TASK BRIEF. Below are the records; repeat exactly their lines between the line holding "Sweatshirts Sweatshirt à" and the line holding "Lost TV Series DVD Season 1 2", inclusive, skipping the pictures.

DATA EXTRACTS.
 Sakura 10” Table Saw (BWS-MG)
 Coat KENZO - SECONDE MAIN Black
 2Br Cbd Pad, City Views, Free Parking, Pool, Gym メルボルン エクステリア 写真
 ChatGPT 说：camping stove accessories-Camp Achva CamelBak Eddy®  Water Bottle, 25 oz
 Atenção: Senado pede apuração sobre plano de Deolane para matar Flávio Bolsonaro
---
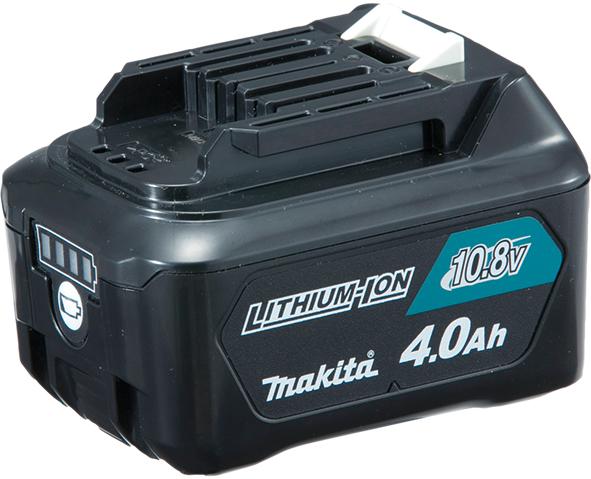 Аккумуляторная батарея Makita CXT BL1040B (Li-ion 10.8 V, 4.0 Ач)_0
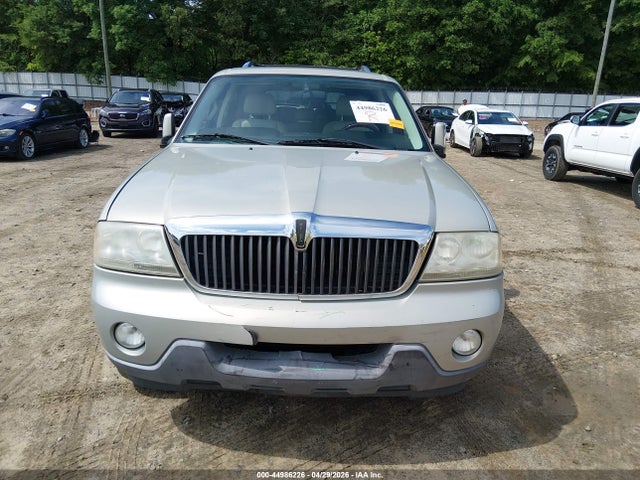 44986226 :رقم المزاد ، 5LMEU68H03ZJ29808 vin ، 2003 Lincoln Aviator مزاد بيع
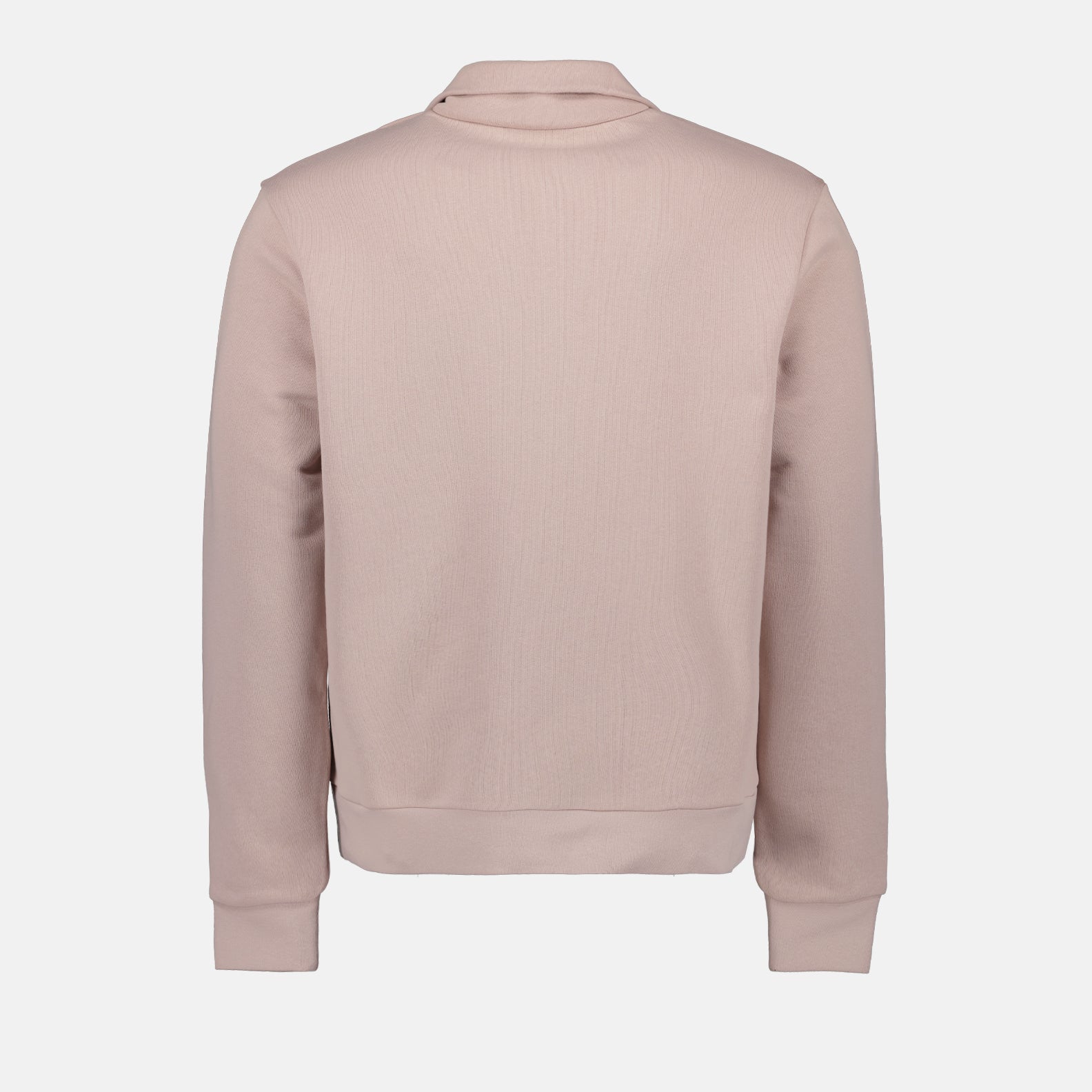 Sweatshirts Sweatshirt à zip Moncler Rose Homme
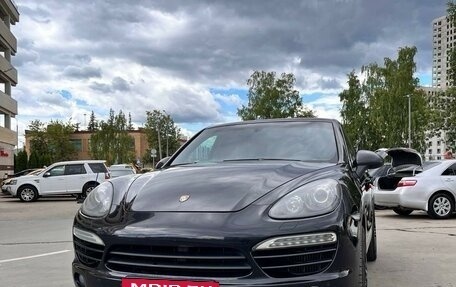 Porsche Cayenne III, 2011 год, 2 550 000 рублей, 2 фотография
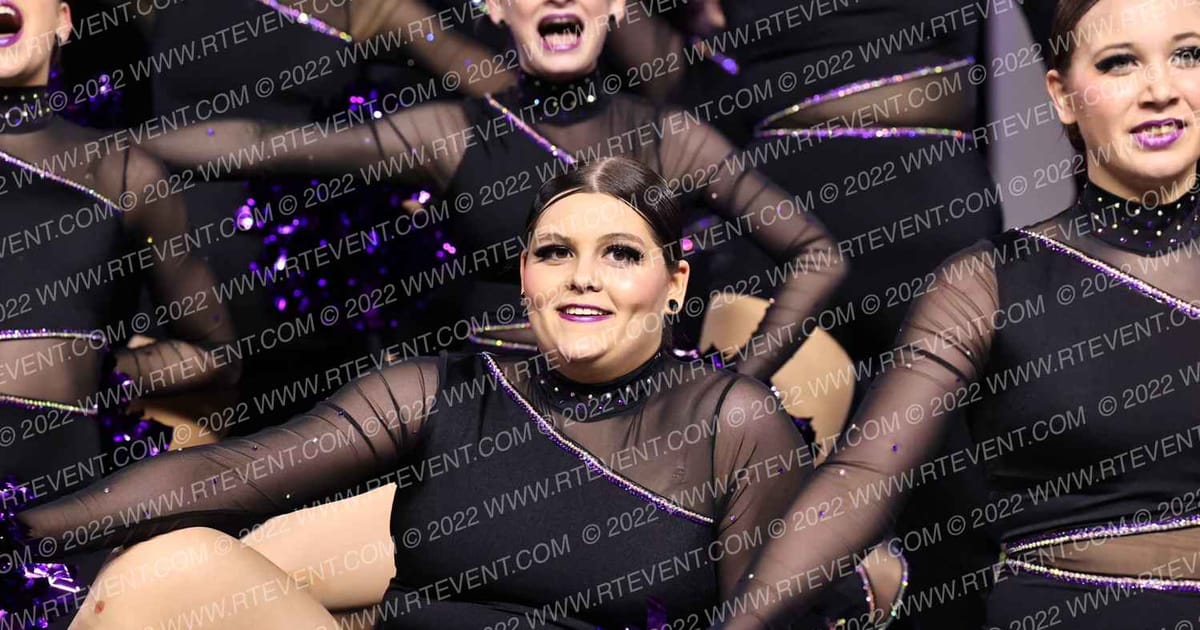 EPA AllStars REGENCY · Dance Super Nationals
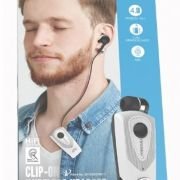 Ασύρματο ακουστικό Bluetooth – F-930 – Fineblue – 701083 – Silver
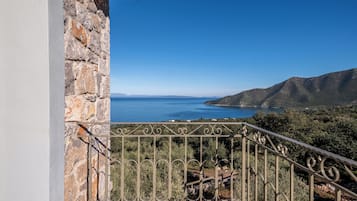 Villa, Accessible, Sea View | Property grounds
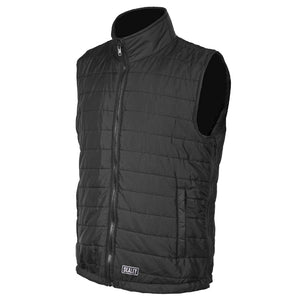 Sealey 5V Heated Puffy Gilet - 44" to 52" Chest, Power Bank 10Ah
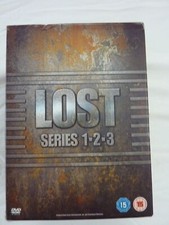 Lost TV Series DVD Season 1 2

SOLVED PROBLEM.
 Sweatshirts Sweatshirt à zip Moncler Rose Homme
 Porsche Cayenne III, 2011 год, 2 550 000 рублей, 2 фотография
 EPA AllStars REGENCY · Dance Super Nationals
 Ασύρματο ακουστικό Bluetooth – F-930 – Fineblue – 701083 – Silver
 Villa, Accessible, Sea View | Property grounds
 Sealey 5V Heated Puffy Gilet - 44" to 52" Chest, Power Bank 10Ah
 Lost TV Series DVD Season 1 2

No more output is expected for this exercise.